The good thing is that very few people notice what Vince says or watch local election ppbs that dont talk about local elections. Not so good for the Euro campaign of course…
Andrew Tampion, I will most certainly not agree to disagree. It is time we fought back against this ridiculous idea that the 2016 referendum cannot be challenged. When people say it must be respected what they mean is that it must be fetishised. It is as if democracy died in 2016 and has been pickled in aspic ever since. No, democracy did not die, despite the best efforts of the Leave campaign to drown it in lies and law breaking. Democracy is a vibrant, living and changing thing. The facts have changed massively – we know just how much lying there was, we now have some good idea of the scale of the law breaking that went on and which vitiates any claim that the result has to being democratic.
You want democracy? Fine, let’s have it. Let’s have another vote, and if the Leave campaign’s arguments are good enough, they will win. If they lose and the undemocratic far right go on a rampage, then I expect the police will do their job and stop them in their tracks.
Sean Hagan. You’re right it is worrying that a German comedian has a better grasp of British politics than the leadership of our party.
Less facetiously if you remember the comment then you will also remember that he prefaced it by asking the audience to indicate almost nobody had.
Where I live in a strong Leave area I have noticed that the opinions of my Leave voting friends have not changed.

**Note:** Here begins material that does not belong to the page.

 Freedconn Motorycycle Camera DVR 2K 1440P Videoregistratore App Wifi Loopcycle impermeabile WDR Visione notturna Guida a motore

In the 2015 election Bosworth constituency was a Lib Dem target seat. By 2017 we had slipped to 3rd place behind the Tories and Labour.
Rob Parsons. If you’re not prepared to agree to disagree then that is your problem not mine. If you are not preparec to accept after nearly three years that it is politically an morally unacceptable to hold a referendum on the basis that the result will be honoured then try to overturn the result because you don’t agree with it then any further debate between us is a waste of time. For the record I am not arguing that if a party wins a general election with a manifesto commitment to hold another in – out EU that it would be undemocratic to hold one.
Andrew,
I think you are really indulging in hyperbole here. “morally unacceptable”??
What about the 1.4 million young people unable to vote in 2016, but now old enough? How is it “morally acceptable” to ignore their views?
I do fully agree that it would be quite wrong to simply ignore the vote and revoke article 50 as if nothing had happened. Some people in this Party want to do that and i do find that extraordinary. But Vince wisely is not suggesting that. A confirmatory vote is like the cooling off period on an insurance policy. Read the small print and decide whether you really want what is now clear. If people have not changed their minds then out we go and that is an end of it (although note the young voters cited above. If they have not changed their minds and if Remain voters turn out with the same passion as Leavers last time the result will be overturned without a single person changing their minds.)
Leaving the EU is something that will affect people who are not yet born. As my daughter said it will take away her birthright of free movement. We should be very sure we are doing the right thing.
As much as I usually rate Henning When, I’m not convinced that a comedian who makes money from making jokes at how things have gone wrong is the most objective of commentators, or that everything they say should be taken seriously. His argument is hardly intellectually rigorous and is as useful as the exclamation that ‘it’s funny how your keys are always in the last place you look’.
The reality is that the way the original referendum was conducted is an affront to democracy and to let it proceed without pause for thought is akin to letting Lance Armstrong keep his Tour de France medals, because we don’t want to offend the stewards who said he was the winner.
If we think that a 52/48 split the other way is no reason to maintain the status quo, then it underlines how daft it was to have such a narrow margin for victory in the first place. Such huge change should only take place when there is a discernible, significant majority, or at the very least demonstrate that the majority is in favour over a period of more than a few days.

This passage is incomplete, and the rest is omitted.